§ **THE PROBLEM**:
Would you restate the full listing word for word and omit its pictures?

§ **EXTRACTED DATA**:
....
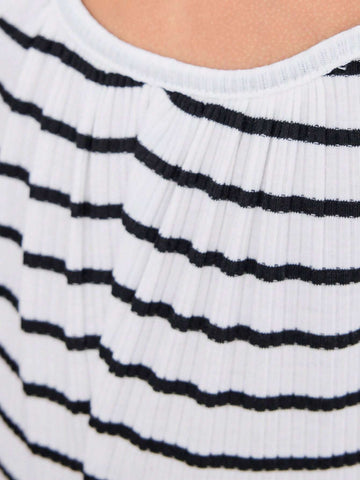 Young Girl Knitted Stripe Sleeveless Loose Casual Jumpsuit With Shoulder Straps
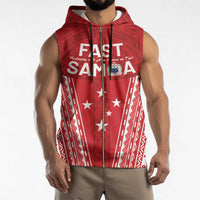 Samoa FAST Sleeveless Zip Hoodie Forever Proud Samoan Tribal Pattern - Polynesian Pride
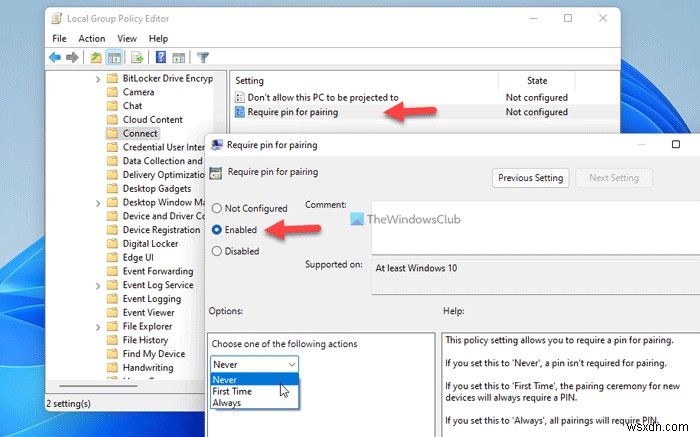 Cho phép hoặc ngăn Windows yêu cầu mã PIN để chiếu tới PC 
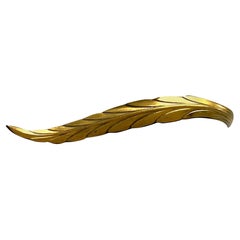 Cravates de rideaux anciennes en métal en forme de plumes - un ensemble de 8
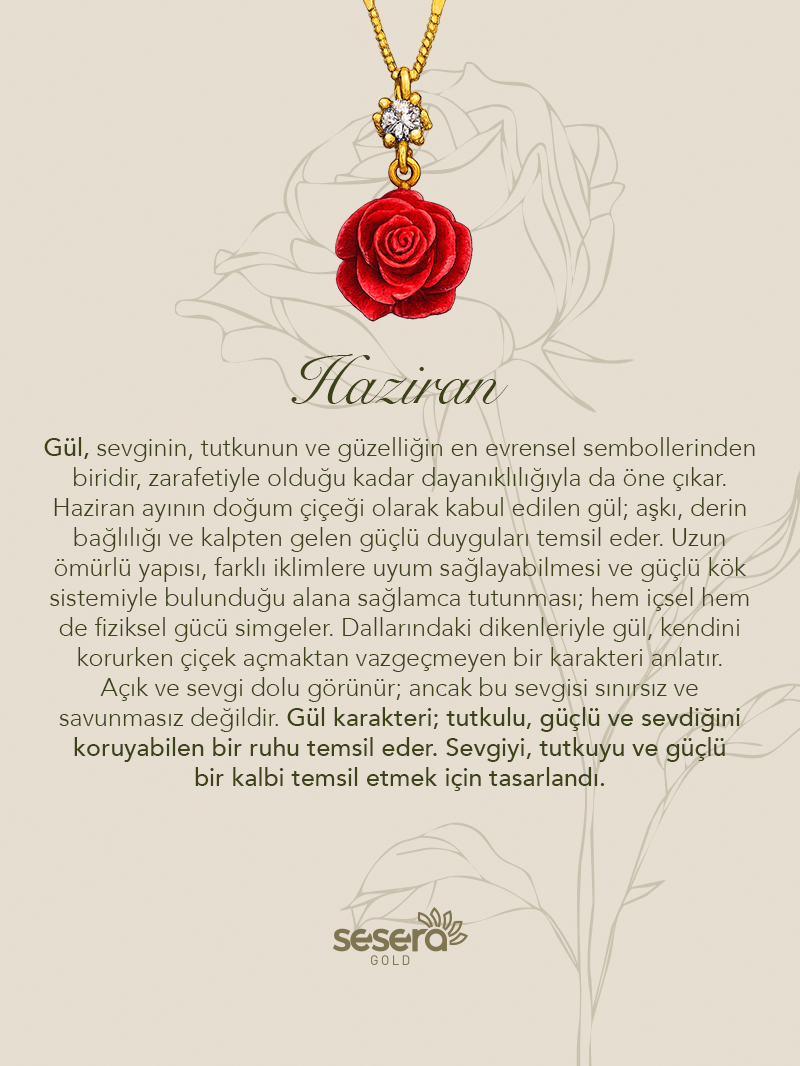 Doğum Çiçeği Haziran Ayı Gül Kolye Ucu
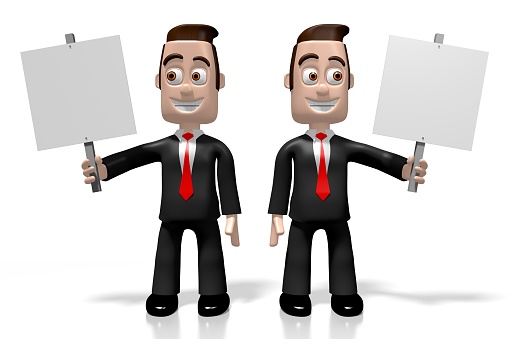 3D cartoon characters/ businessmen with signboards.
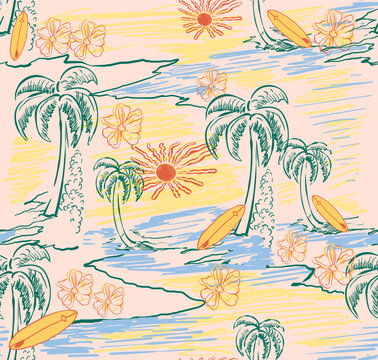 Seamless Tropical Pattern Design. Hand drawn Palm tree sun surfboard flowers. summer print design. tropical botanic pattern. palm tree vector prints. ss2028 print design. 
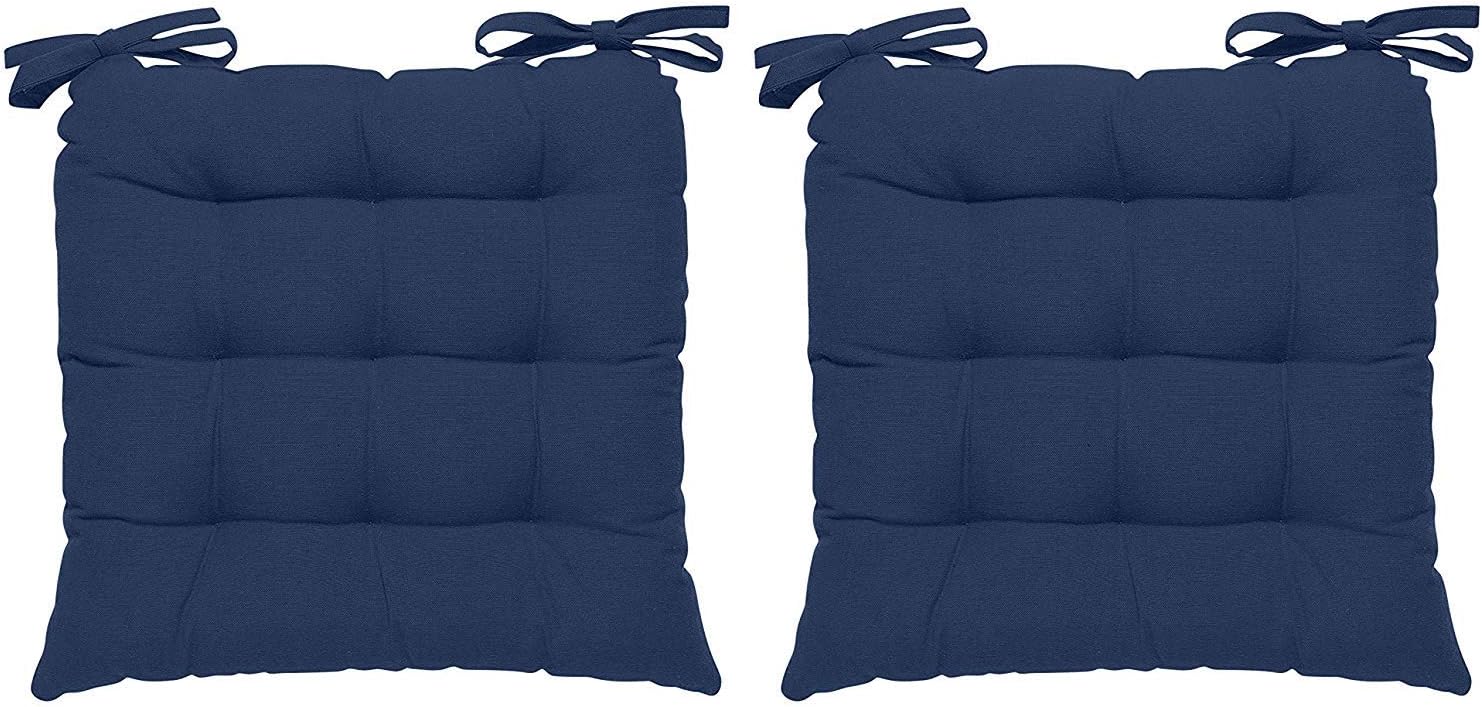 Stop N Shopp Cotton 2 Piece Microfiber Floor/Dining/Chair Cushion - 16 X Inch, Blue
....
§ **ANSWER TO THE EXERCISE**:
 Young Girl Knitted Stripe Sleeveless Loose Casual Jumpsuit With Shoulder Straps
 Samoa FAST Sleeveless Zip Hoodie Forever Proud Samoan Tribal Pattern - Polynesian Pride
 Cho phép hoặc ngăn Windows yêu cầu mã PIN để chiếu tới PC 
 Cravates de rideaux anciennes en métal en forme de plumes - un ensemble de 8
 Doğum Çiçeği Haziran Ayı Gül Kolye Ucu
 3D cartoon characters/ businessmen with signboards.
 Seamless Tropical Pattern Design. Hand drawn Palm tree sun surfboard flowers. summer print design. tropical botanic pattern. palm tree vector prints. ss2028 print design. 
 Stop N Shopp Cotton 2 Piece Microfiber Floor/Dining/Chair Cushion - 16 X Inch, Blue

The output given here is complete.